» **What you are asked to do**
Transcribe the records below. Leave nothing out and change nothing.

(Web page caption snippets)
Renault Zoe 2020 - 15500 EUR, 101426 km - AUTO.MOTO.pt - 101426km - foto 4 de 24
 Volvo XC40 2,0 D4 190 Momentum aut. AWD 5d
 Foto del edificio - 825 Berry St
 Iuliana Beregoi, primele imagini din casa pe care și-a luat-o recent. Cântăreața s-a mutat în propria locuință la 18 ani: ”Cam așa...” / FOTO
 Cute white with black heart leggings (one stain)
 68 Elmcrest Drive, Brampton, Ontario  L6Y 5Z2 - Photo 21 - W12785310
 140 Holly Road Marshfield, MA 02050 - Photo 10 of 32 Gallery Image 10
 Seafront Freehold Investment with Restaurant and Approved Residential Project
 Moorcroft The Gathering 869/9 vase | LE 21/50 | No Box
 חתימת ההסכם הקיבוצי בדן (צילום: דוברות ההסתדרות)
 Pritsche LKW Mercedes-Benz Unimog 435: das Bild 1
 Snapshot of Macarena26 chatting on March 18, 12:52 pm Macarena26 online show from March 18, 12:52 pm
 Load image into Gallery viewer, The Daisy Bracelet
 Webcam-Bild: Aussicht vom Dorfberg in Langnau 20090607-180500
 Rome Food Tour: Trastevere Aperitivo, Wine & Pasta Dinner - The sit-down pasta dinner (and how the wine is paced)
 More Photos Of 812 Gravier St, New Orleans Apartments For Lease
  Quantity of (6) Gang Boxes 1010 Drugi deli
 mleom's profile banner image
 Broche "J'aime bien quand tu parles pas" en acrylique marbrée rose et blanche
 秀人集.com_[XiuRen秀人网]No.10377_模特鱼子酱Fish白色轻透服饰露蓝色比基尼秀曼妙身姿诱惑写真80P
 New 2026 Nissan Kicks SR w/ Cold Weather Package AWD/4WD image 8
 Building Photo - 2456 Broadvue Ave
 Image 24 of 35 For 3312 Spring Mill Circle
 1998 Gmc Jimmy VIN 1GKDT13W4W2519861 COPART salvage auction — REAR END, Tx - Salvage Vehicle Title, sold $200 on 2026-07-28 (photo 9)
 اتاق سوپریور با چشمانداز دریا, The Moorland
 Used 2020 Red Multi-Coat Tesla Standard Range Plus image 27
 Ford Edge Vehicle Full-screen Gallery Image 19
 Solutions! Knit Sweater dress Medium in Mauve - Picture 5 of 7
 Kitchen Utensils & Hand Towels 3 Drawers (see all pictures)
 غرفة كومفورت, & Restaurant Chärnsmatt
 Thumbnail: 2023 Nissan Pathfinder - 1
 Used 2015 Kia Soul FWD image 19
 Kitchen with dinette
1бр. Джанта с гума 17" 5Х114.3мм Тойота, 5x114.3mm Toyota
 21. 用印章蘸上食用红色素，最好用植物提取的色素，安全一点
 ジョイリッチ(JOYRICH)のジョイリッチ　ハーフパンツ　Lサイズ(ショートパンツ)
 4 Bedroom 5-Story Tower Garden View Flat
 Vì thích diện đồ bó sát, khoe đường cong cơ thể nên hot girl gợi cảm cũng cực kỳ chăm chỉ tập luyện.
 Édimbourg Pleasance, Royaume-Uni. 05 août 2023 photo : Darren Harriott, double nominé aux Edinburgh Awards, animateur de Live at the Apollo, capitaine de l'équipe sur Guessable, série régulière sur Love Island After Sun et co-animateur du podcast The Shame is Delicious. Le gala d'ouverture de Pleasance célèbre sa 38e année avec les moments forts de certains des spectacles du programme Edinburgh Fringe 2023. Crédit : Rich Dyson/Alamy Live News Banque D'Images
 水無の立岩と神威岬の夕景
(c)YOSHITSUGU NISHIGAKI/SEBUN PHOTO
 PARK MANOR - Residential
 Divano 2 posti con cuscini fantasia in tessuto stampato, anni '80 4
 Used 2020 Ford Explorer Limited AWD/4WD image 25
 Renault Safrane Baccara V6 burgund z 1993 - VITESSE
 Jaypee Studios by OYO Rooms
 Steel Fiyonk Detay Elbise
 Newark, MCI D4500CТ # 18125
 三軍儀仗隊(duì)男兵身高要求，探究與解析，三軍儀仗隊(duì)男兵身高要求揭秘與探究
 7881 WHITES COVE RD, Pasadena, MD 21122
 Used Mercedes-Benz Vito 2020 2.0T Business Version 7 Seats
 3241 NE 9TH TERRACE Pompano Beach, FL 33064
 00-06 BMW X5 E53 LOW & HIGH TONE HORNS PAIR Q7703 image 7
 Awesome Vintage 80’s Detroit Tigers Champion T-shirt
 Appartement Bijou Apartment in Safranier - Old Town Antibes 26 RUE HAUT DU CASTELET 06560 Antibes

» **Your solution**
Renault Zoe 2020 - 15500 EUR, 101426 km - AUTO.MOTO.pt - 101426km - foto 4 de 24
 Volvo XC40 2,0 D4 190 Momentum aut. AWD 5d
 Foto del edificio - 825 Berry St
 Iuliana Beregoi, primele imagini din casa pe care și-a luat-o recent. Cântăreața s-a mutat în propria locuință la 18 ani: ”Cam așa...” / FOTO
 Cute white with black heart leggings (one stain)
 68 Elmcrest Drive, Brampton, Ontario  L6Y 5Z2 - Photo 21 - W12785310
 140 Holly Road Marshfield, MA 02050 - Photo 10 of 32 Gallery Image 10
 Seafront Freehold Investment with Restaurant and Approved Residential Project
 Moorcroft The Gathering 869/9 vase | LE 21/50 | No Box
 חתימת ההסכם הקיבוצי בדן (צילום: דוברות ההסתדרות)
 Pritsche LKW Mercedes-Benz Unimog 435: das Bild 1
 Snapshot of Macarena26 chatting on March 18, 12:52 pm Macarena26 online show from March 18, 12:52 pm
 Load image into Gallery viewer, The Daisy Bracelet
 Webcam-Bild: Aussicht vom Dorfberg in Langnau 20090607-180500
 Rome Food Tour: Trastevere Aperitivo, Wine & Pasta Dinner - The sit-down pasta dinner (and how the wine is paced)
 More Photos Of 812 Gravier St, New Orleans Apartments For Lease
  Quantity of (6) Gang Boxes 1010 Drugi deli
 mleom's profile banner image
 Broche "J'aime bien quand tu parles pas" en acrylique marbrée rose et blanche
 秀人集.com_[XiuRen秀人网]No.10377_模特鱼子酱Fish白色轻透服饰露蓝色比基尼秀曼妙身姿诱惑写真80P
 New 2026 Nissan Kicks SR w/ Cold Weather Package AWD/4WD image 8
 Building Photo - 2456 Broadvue Ave
 Image 24 of 35 For 3312 Spring Mill Circle
 1998 Gmc Jimmy VIN 1GKDT13W4W2519861 COPART salvage auction — REAR END, Tx - Salvage Vehicle Title, sold $200 on 2026-07-28 (photo 9)
 اتاق سوپریور با چشمانداز دریا, The Moorland
 Used 2020 Red Multi-Coat Tesla Standard Range Plus image 27
 Ford Edge Vehicle Full-screen Gallery Image 19
 Solutions! Knit Sweater dress Medium in Mauve - Picture 5 of 7
 Kitchen Utensils & Hand Towels 3 Drawers (see all pictures)
 غرفة كومفورت, & Restaurant Chärnsmatt
 Thumbnail: 2023 Nissan Pathfinder - 1
 Used 2015 Kia Soul FWD image 19
 Kitchen with dinette
1бр. Джанта с гума 17" 5Х114.3мм Тойота, 5x114.3mm Toyota
 21. 用印章蘸上食用红色素，最好用植物提取的色素，安全一点
 ジョイリッチ(JOYRICH)のジョイリッチ　ハーフパンツ　Lサイズ(ショートパンツ)
 4 Bedroom 5-Story Tower Garden View Flat
 Vì thích diện đồ bó sát, khoe đường cong cơ thể nên hot girl gợi cảm cũng cực kỳ chăm chỉ tập luyện.
 Édimbourg Pleasance, Royaume-Uni. 05 août 2023 photo : Darren Harriott, double nominé aux Edinburgh Awards, animateur de Live at the Apollo, capitaine de l'équipe sur Guessable, série régulière sur Love Island After Sun et co-animateur du podcast The Shame is Delicious. Le gala d'ouverture de Pleasance célèbre sa 38e année avec les moments forts de certains des spectacles du programme Edinburgh Fringe 2023. Crédit : Rich Dyson/Alamy Live News Banque D'Images
 水無の立岩と神威岬の夕景
(c)YOSHITSUGU NISHIGAKI/SEBUN PHOTO
 PARK MANOR - Residential
 Divano 2 posti con cuscini fantasia in tessuto stampato, anni '80 4
 Used 2020 Ford Explorer Limited AWD/4WD image 25
 Renault Safrane Baccara V6 burgund z 1993 - VITESSE
 Jaypee Studios by OYO Rooms
 Steel Fiyonk Detay Elbise
 Newark, MCI D4500CТ # 18125
 三軍儀仗隊(duì)男兵身高要求，探究與解析，三軍儀仗隊(duì)男兵身高要求揭秘與探究
 7881 WHITES COVE RD, Pasadena, MD 21122
 Used Mercedes-Benz Vito 2020 2.0T Business Version 7 Seats
 3241 NE 9TH TERRACE Pompano Beach, FL 33064
 00-06 BMW X5 E53 LOW & HIGH TONE HORNS PAIR Q7703 image 7
 Awesome Vintage 80’s Detroit Tigers Champion T-shirt
 Appartement Bijou Apartment in Safranier - Old Town Antibes 26 RUE HAUT DU CASTELET 06560 Antibes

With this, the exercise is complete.